Una prova che alcune canzoni dell’epoca d’oro della canzone napoletana toccarono le vette della poesia? Si vada a vedere che fior di artisti, di intellettuali, di giornalisti ecc., abbiamo fra gli autori di canzoni napoletane. Basta per tutti un nome: Salvatore Di Giacomo, che il Croce collocò fra i maggiori poeti italiani ed europei.
Al Di Giacomo autore di fama mondiale di celebri canzoni napoletane si associa il Di Giacomo poeta di respiro europeo. E se non bastasse il giudizio di Benedetto Croce, rimandiamo alla monografia del 1908 di Karl Vossler[2], agli scritti di Luigi Russo, fino a quelli di Francesco Flora che, nella sua Storia della letteratura italiana, destinò un posto di grande rilievo al poeta napoletano Salvatore Di Giacomo.
Ma torniamo a Libero Bovio, che ci donò preziose perle di canzoni napoletane come Tu ca nun chiagne, Reginella, Chiove, ‘O Paese d’o sole, Lacreme napulitane e la grandiosa Passione.
A tal proposito, mi preme andare al 1929, l’anno che vide i Patti Lateranensi tra l’Italia fascista e la Santa Sede; vide Stalin proporre la cacciata di Trotsky dal Politburo; e soprattutto vide il crollo della Borsa di Wall Street e l’inizio della gravissima crisi economica mondiale.
Ebbene, in quell’anno così carico di storia, Libero Bovio – se è lecito paragonare le cose piccole alle grandi [si parva licet componere magnis, cantava il poeta Virgilio] – scrisse i versi Zappatore, poi musicati da Ferdinando Albano.
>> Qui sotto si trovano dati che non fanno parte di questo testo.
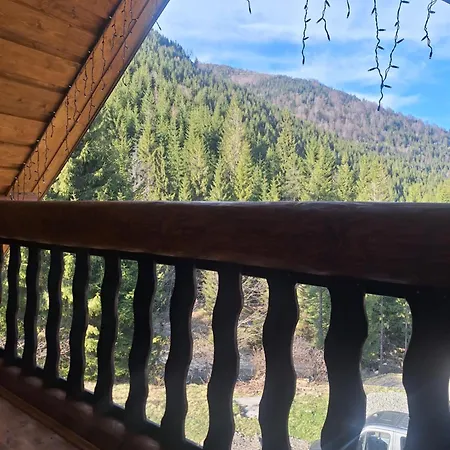 Holiday home шепіт карпат 2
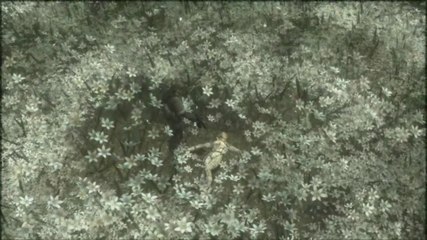 (WT) Metal Gear Solid 3 HD [15] : L'affrontement Final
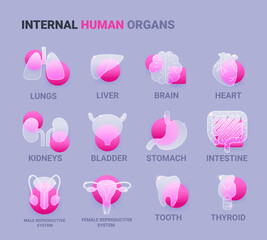 Internal human organs icon set in glass morphism style. Vector symbol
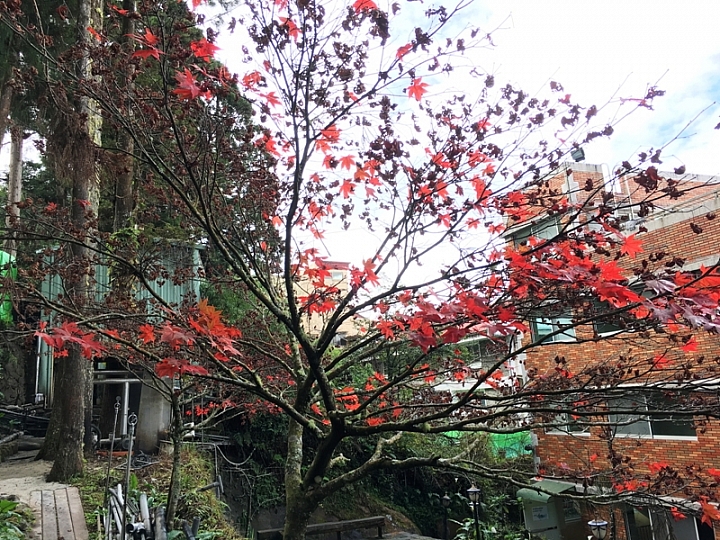 20161201~1215 阿里山、墾丁、綠島、武嶺放空之旅 (一)日月潭、阿里山、嘉義行程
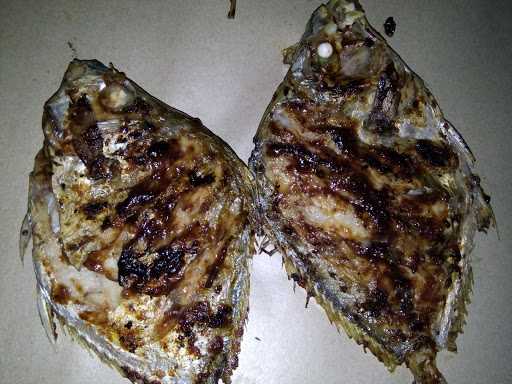 Bakar Ikan Nn2 5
Questa canzone fu lanciata per la prima volta dal “canzonettista” Gennaro Pasquariello, una celebrità che meritò il seguente lusinghiero giudizio del poeta Ferdinando Russo: «Dire che Gennaro Pasquariello è il maestro della canzonetta è troppo poco. Più che il maestro, lo si può chiamare l’ispiratore, l’animatore di questo genere d’arte, nel quale, non soltanto non teme rivali, ma non potrà avere continuatori. Lo imiteranno, e forse anche bene; però dovranno tutti prodigargli quell’ossequio che è merito dei sommi. Chi non può rassegnarsi ad accettare questo mio giudizio, non è un artista».
La figura un po’ tozza, il faccione da napoletano gaudente, una voce bellissima, Pasquariello è il dominatore delle scene della canzone napoletana. E l’accoppiata Gennaro Pasquariello-Zappatore fu garanzia di popolarità di quella canzone. Così, l’anno dopo, fu realizzata anche una “sceneggiata” che ebbe un successo talmente grande, da durare sino ai nostri giorni.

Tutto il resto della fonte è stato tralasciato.